Monday, September 17, 2012
Spectral Lore - Sentinel (2012)
Sentinel is a nightmare embodied into airy flights of sinister, streamed tremolo guitars, meticulous blasting and ominous growls and rasps so insidious that one might feel one has attracted the ill favor of the Olympians on high, just waiting for whatever curse they send down upon you. This is heavily textured music, and it's incredibly rare that you'll find only one thing happening at a time. The guitars are tracked with much nuance, crisp and bleeding note progressions that almost entire evade the burden of derivative placement. There is a tendency towards orchestrated acceleration throughout the whole of the album, but Spectral Lore can also settle into a slower, progressive groove like "The Coming of Age" without losing a fraction of intricacy. The riffs whip around the listener like the tethering tentacles of some Cyclopean, otherworldly lifeform, gradually sucking him or her into a hidden pocket of reality. The drums alternate between eruptions of unbridled violence and jazzier fills and rhythms that maintain a substrate of complexity even when one strips away the adventurous guitars. The vocals are threatening and petulant, even though their presence is often too sparse, but part of this is that over 30 minutes of the album have been committed to a single ambient track...

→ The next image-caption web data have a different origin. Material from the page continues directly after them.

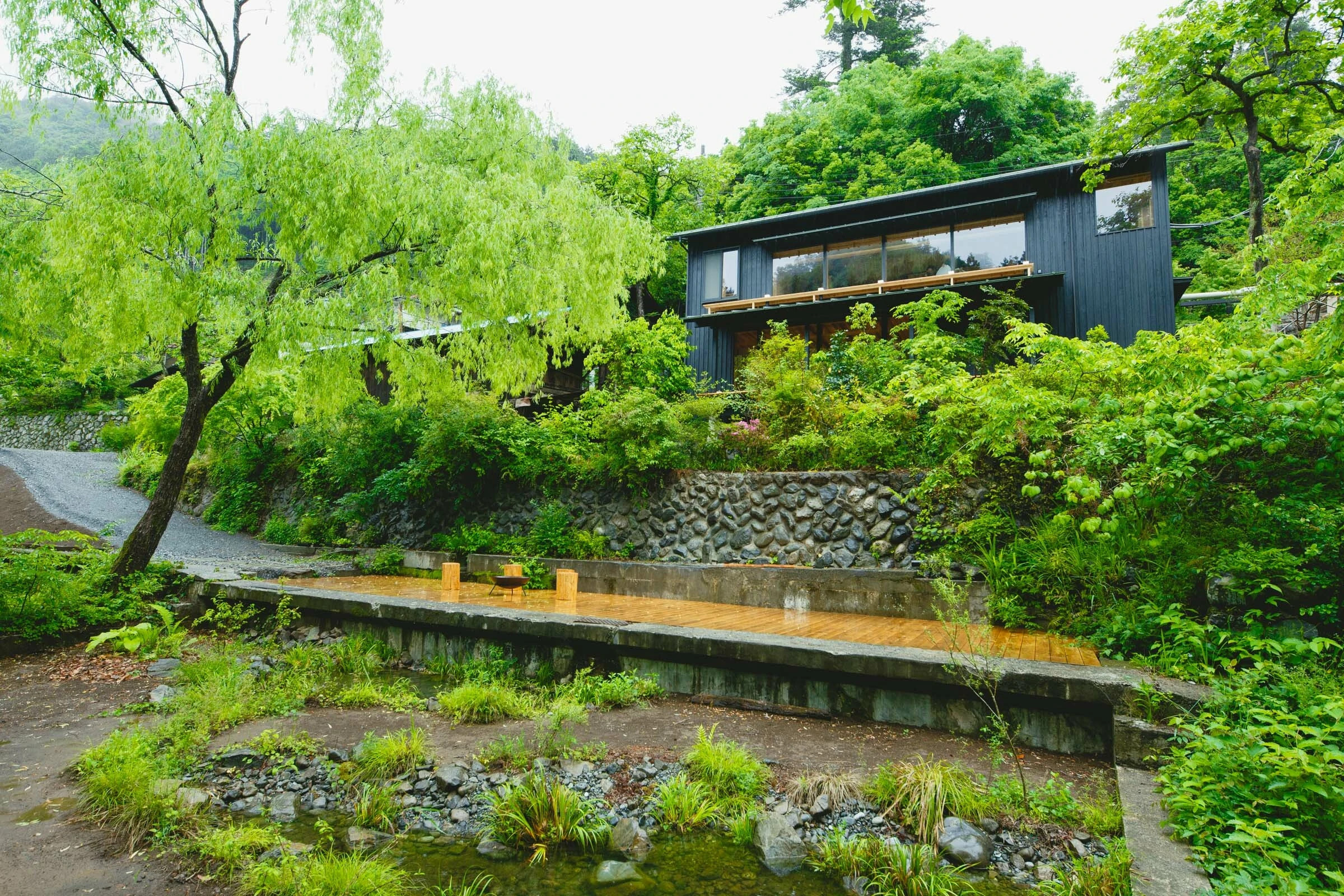 沿線まるごとホテル Satologue宿泊記｜口コミ・料金・予約ガイド【奥多摩】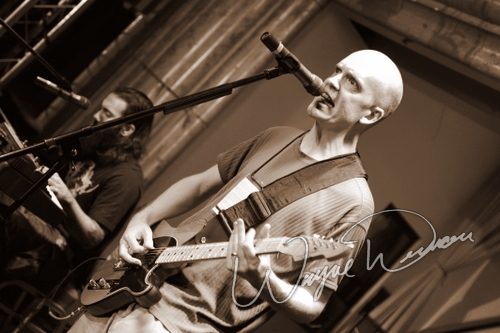 Devin Townsend at Hilton Anaheim Anaheim, CA on January 16, 2009 &mdash; concert photo by Wayne Dennon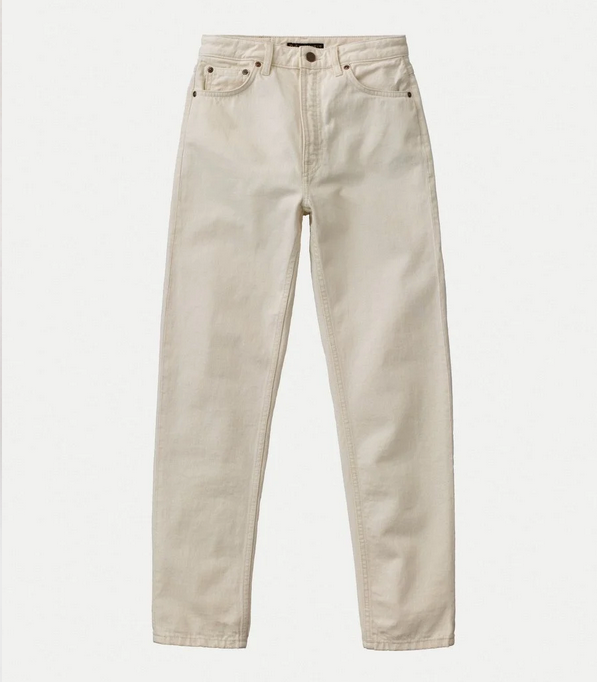 Breezy Britt (Dusty White) - Nudie Jeans – RES-RES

Which might have proven a detriment, if "Atlus (A World Within a World)" wasn't one of the most lush and impressive pieces on the entirely of the album. A contrast to the cavorting, evolving chaos of the metallic compositions, perhaps, but incredibly gripping, and aesthetically flush with the album's gorgeous cover art. It's like starting off some mystical evening with an incendiary, psychedelic, structured black metal jam session and then having Peter Andersson of Raison d'être show up to score the after party, when all the maniacs are stoned on a grassy hillside, grazing on celestial bodies. That Spectral Lore's sole author of pain, Ayloss can shift from one extreme to the other without losing focus or sacrificing quality is something baffling to me, and yet here it is, scrawled out across the firmament like a nebula of nihilistic ravens. Sentinel holds up after numerous listens, with more pieces of its puzzle unraveling aurally and existentially each time. Every calm and every storm dwells upon the imagination with a supernatural contemplation. Don't expect a Triarchy of the Lost Lovers here, or Scarlet Evil Witching Black; apart from the mystical fabrics of, say, Acherontas, Spectral Lore doesn't have a lot in common with their classic countrymen. But this is by far the best record to hail from that scene in nearly a decade.